§ **Exercise requirements**
Reproduce the records below in full and word for word, excluding pictures.

§ **Dataset content**
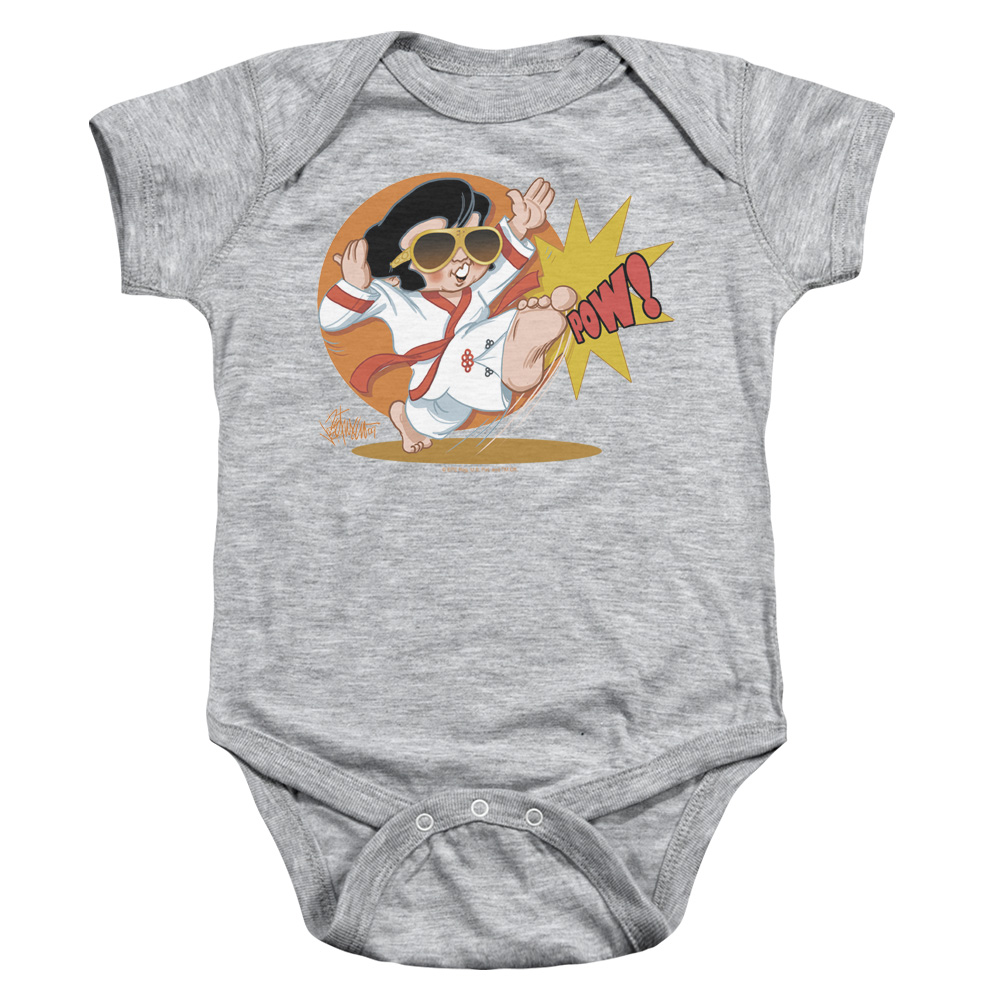 Elvis Presley & Karate King Infant Snapsuit, Athletic Heather - Medium - 12 Months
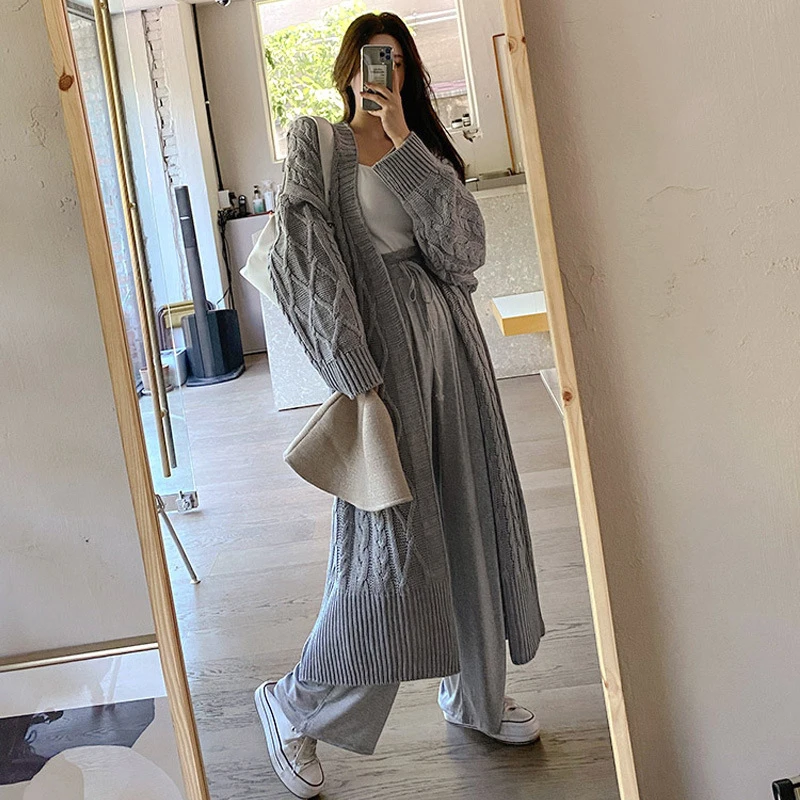 LANMREM 2023 Зимний новый свитер кардиган для женщин свободный с длинным рукавом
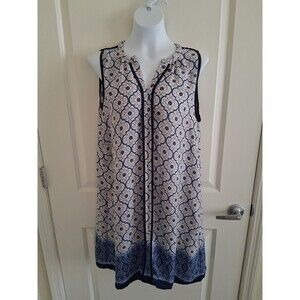 Naif Anthropologie Womens Short Dress Size Large White Blue Geometric Vacation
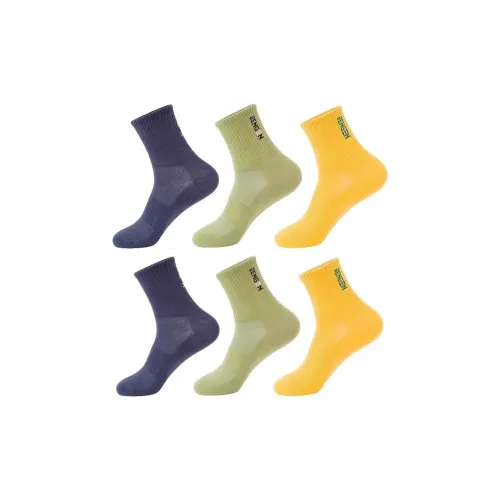 MAXDAVID 20031 2 Темно-синий 2 Зеленый 2 Желтый Мужской MID Носки до икры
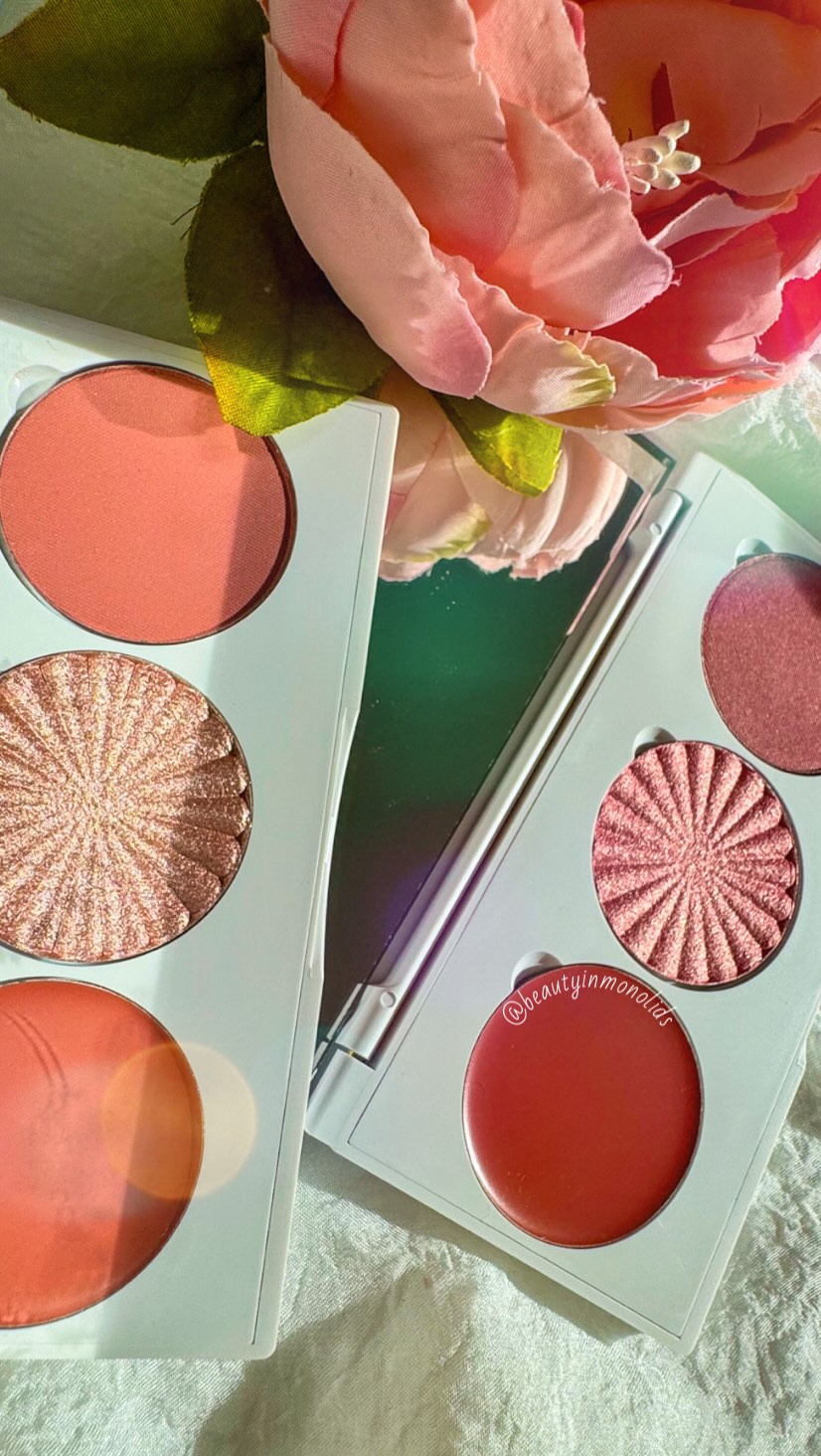 Instagram post by @beautyinmonolids for OFRA Cosmetics. Caption reads: ☺️ Ofra Cosmetics - Midi Blush Palettes ☺️ [...].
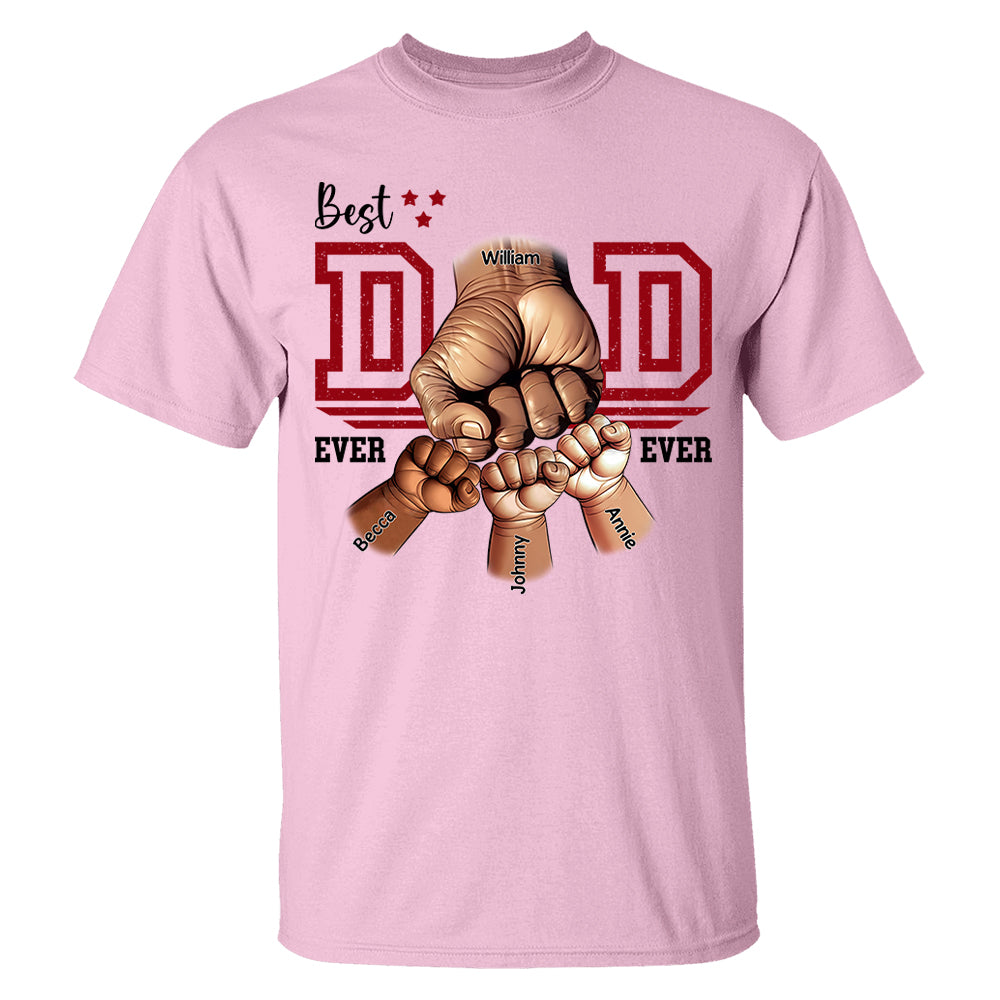 Best Dad Ever Personalized Shirt - Dad and Childs Fist Bump Custom Gift - Father's Day Best Dad Ever - Custom Name Hand Kid Names Gift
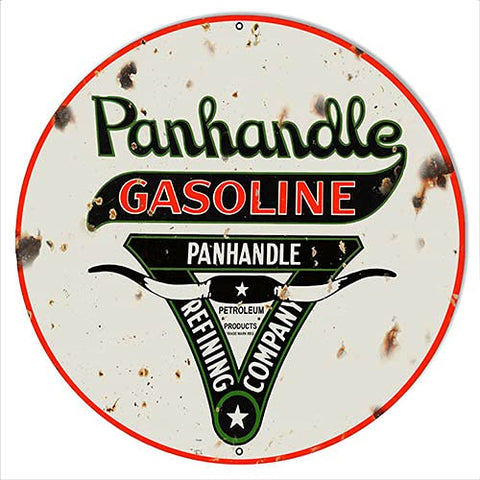 Panhandle Gasoline Reproduction Garage Metal Sign 30×30 Round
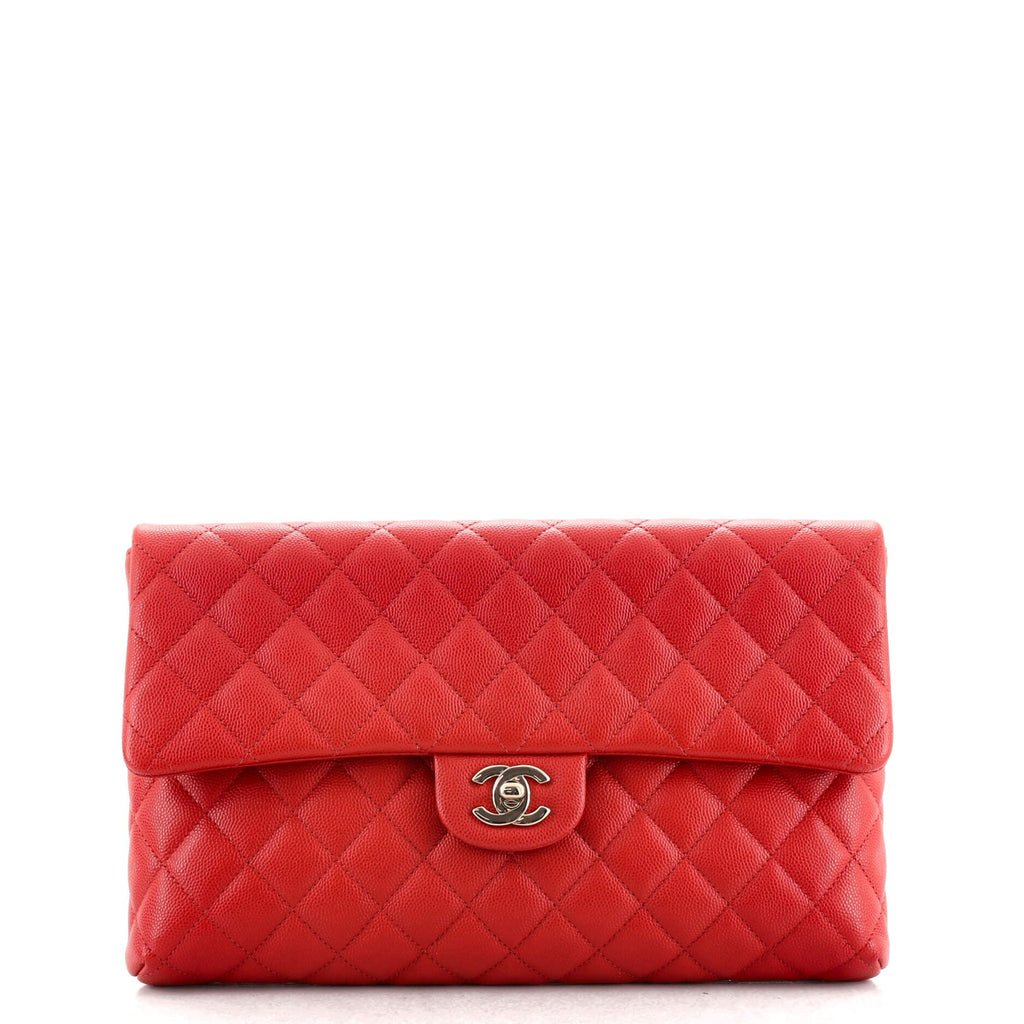 Classic Flap Clutch Quilted Caviar
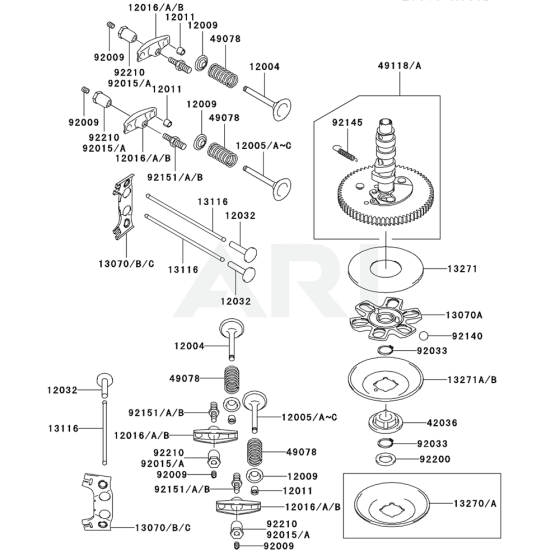 Valve / Camshaft for Kawasaki FH680V Engine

§ **Response area**
 Elvis Presley & Karate King Infant Snapsuit, Athletic Heather - Medium - 12 Months
 LANMREM 2023 Зимний новый свитер кардиган для женщин свободный с длинным рукавом
 Naif Anthropologie Womens Short Dress Size Large White Blue Geometric Vacation
 MAXDAVID 20031 2 Темно-синий 2 Зеленый 2 Желтый Мужской MID Носки до икры
 Instagram post by @beautyinmonolids for OFRA Cosmetics. Caption reads: ☺️ Ofra Cosmetics - Midi Blush Palettes ☺️ [...].
 Best Dad Ever Personalized Shirt - Dad and Childs Fist Bump Custom Gift - Father's Day Best Dad Ever - Custom Name Hand Kid Names Gift
 Panhandle Gasoline Reproduction Garage Metal Sign 30×30 Round
 Classic Flap Clutch Quilted Caviar
 Valve / Camshaft for Kawasaki FH680V Engine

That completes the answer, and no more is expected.